Task goal –
Each line below should be repeated exactly, but no picture should be carried over.

Recorded information –
───
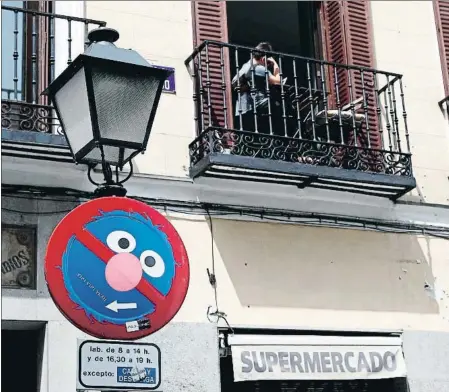  ??  ?? El confinamen­t, com en aquest carrer de Madrid, s’allargarà durant més de temps que en zones rurals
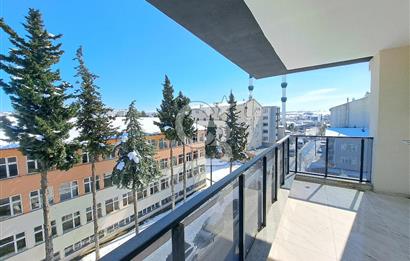 BAFRA MERKEZİ KONUMDA SATILIK 3+1 LÜKS VE ŞIK DAİRE kat 2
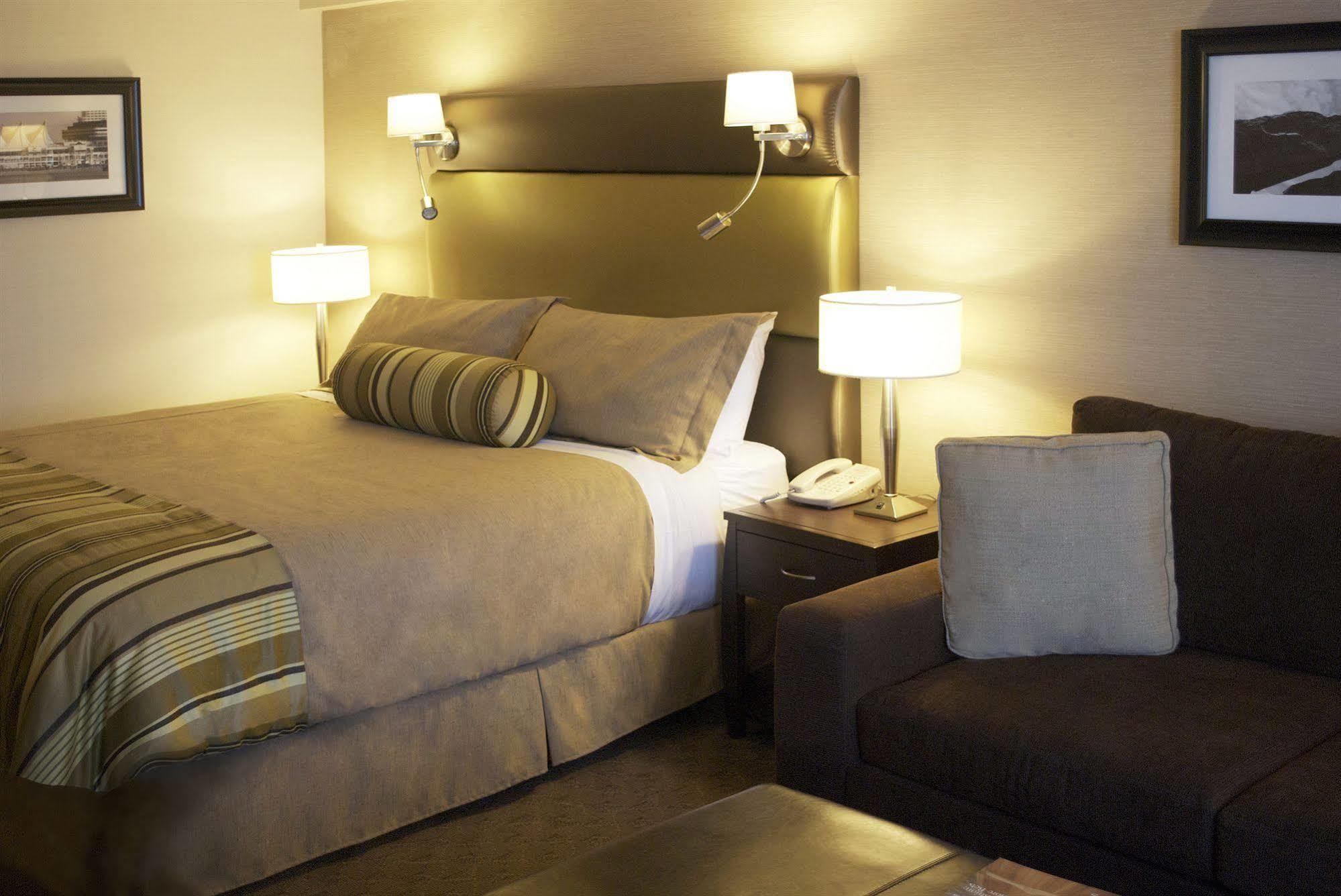 Sandman Signature Vancouver Airport Hotel & Resort Ричмонд Экстерьер фото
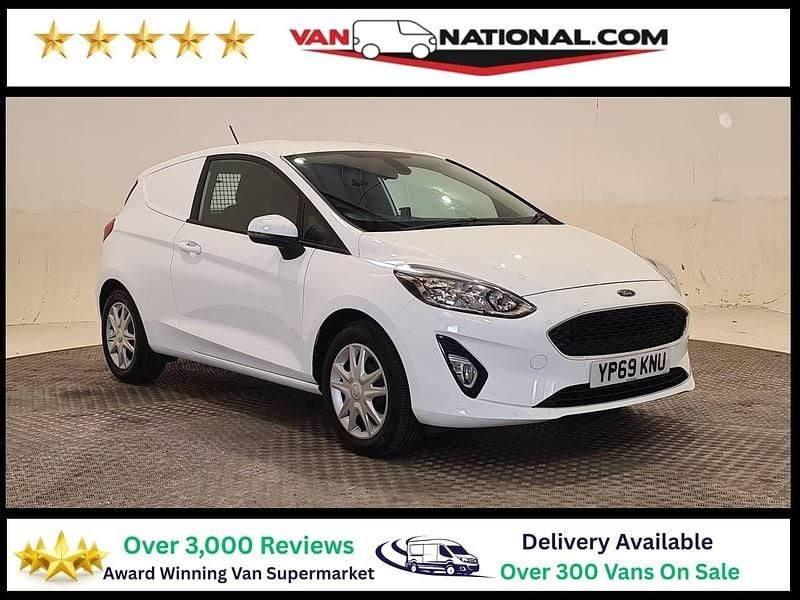 Used Ford Fiesta 85 HP (62 kW) 2019 White Van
───
Answer space –
  ??  ?? El confinamen­t, com en aquest carrer de Madrid, s’allargarà durant més de temps que en zones rurals
 BAFRA MERKEZİ KONUMDA SATILIK 3+1 LÜKS VE ŞIK DAİRE kat 2
 Sandman Signature Vancouver Airport Hotel & Resort Ричмонд Экстерьер фото
 Used Ford Fiesta 85 HP (62 kW) 2019 White Van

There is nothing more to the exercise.